THE DATA:
■ ■ ■ ■ ■ ■ ■
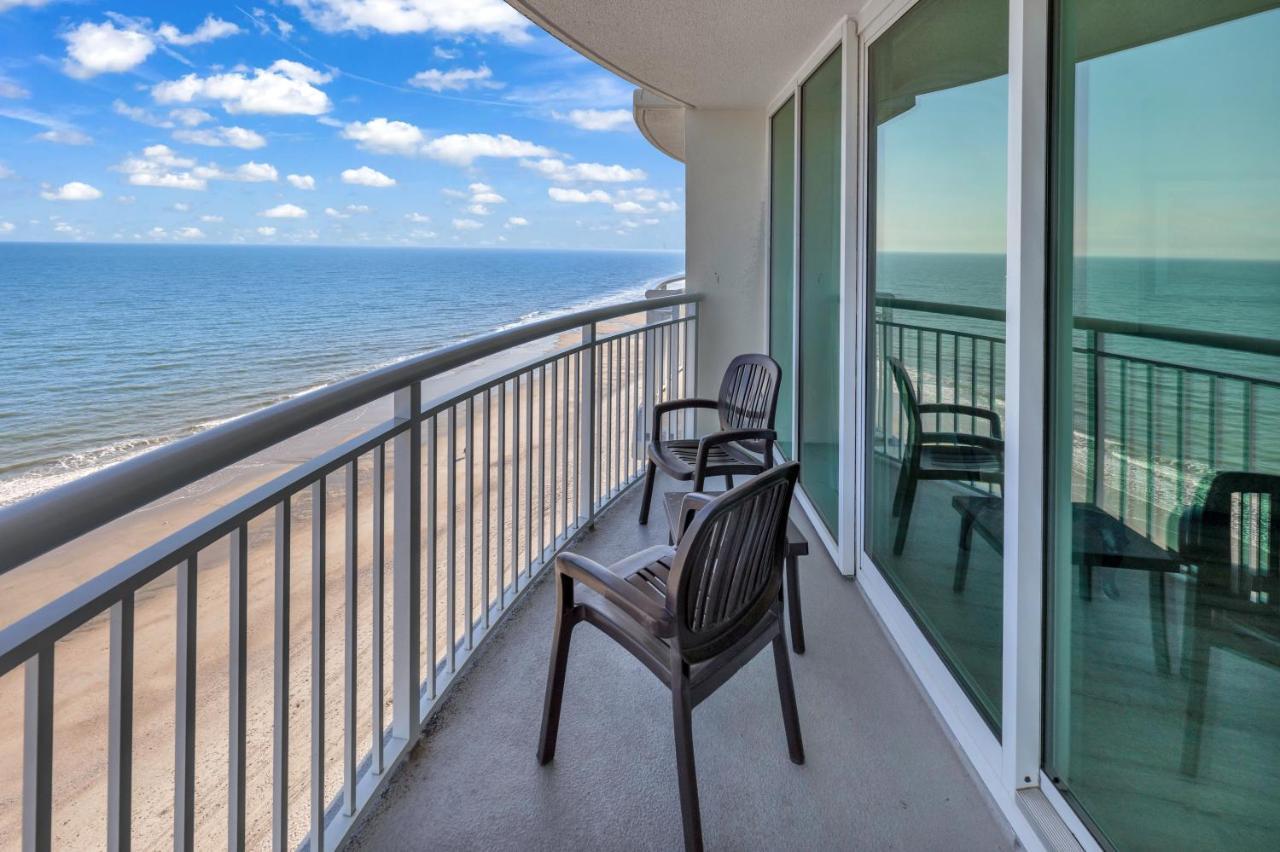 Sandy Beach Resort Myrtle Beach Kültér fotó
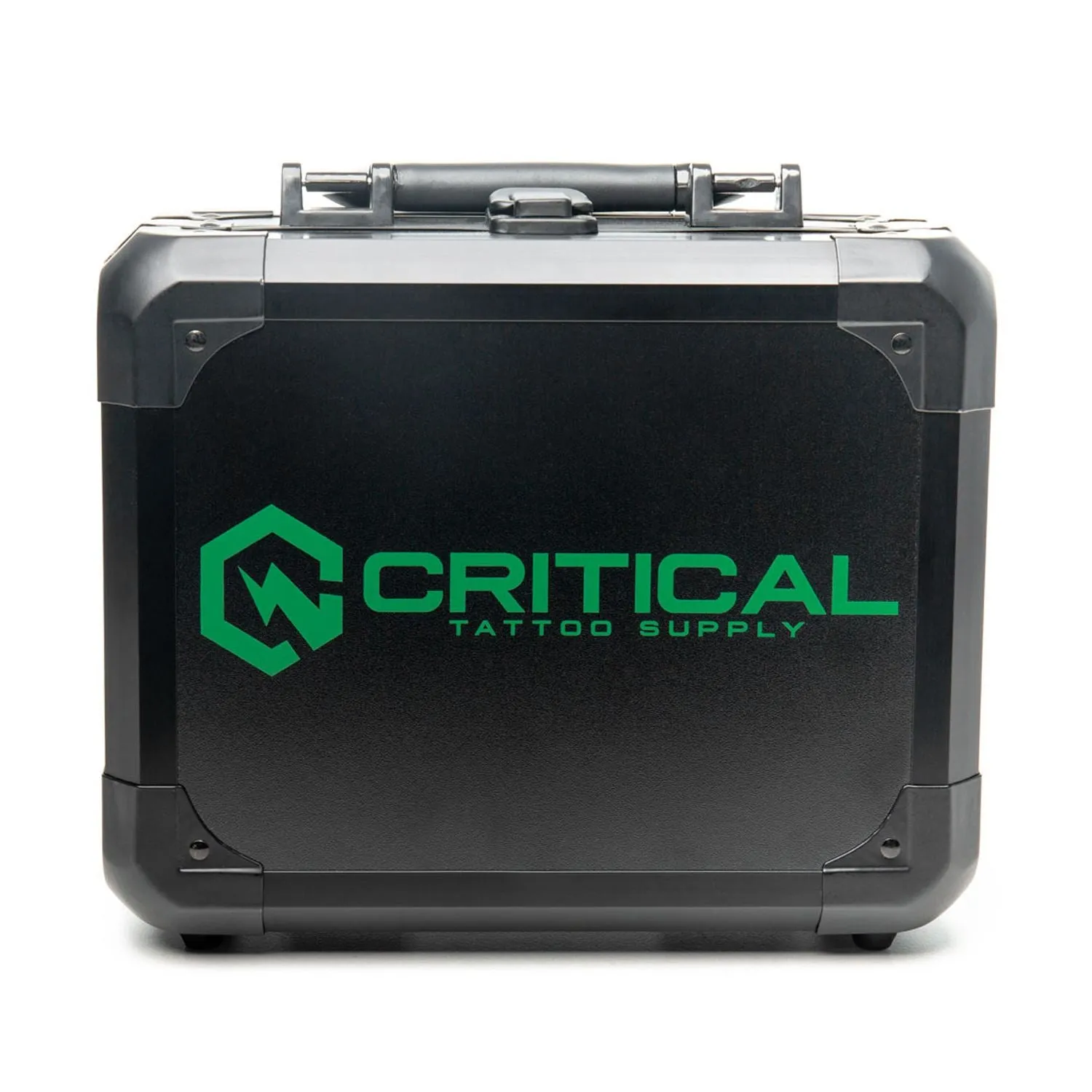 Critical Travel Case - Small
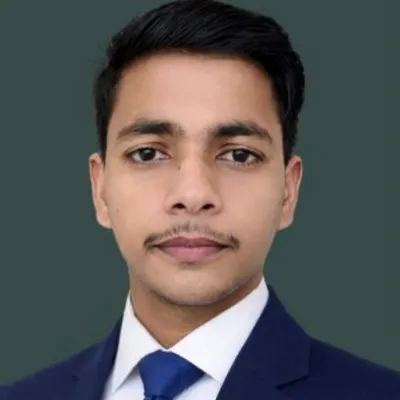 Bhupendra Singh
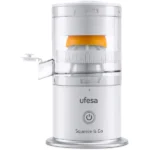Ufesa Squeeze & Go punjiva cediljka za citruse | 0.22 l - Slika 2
■ ■ ■ ■ ■ ■ ■
The reply should contain every line of the material exactly, and no images.

EXERCISE SOLUTION:
 Sandy Beach Resort Myrtle Beach Kültér fotó
 Critical Travel Case - Small
 Bhupendra Singh
Ufesa Squeeze & Go punjiva cediljka za citruse | 0.22 l - Slika 2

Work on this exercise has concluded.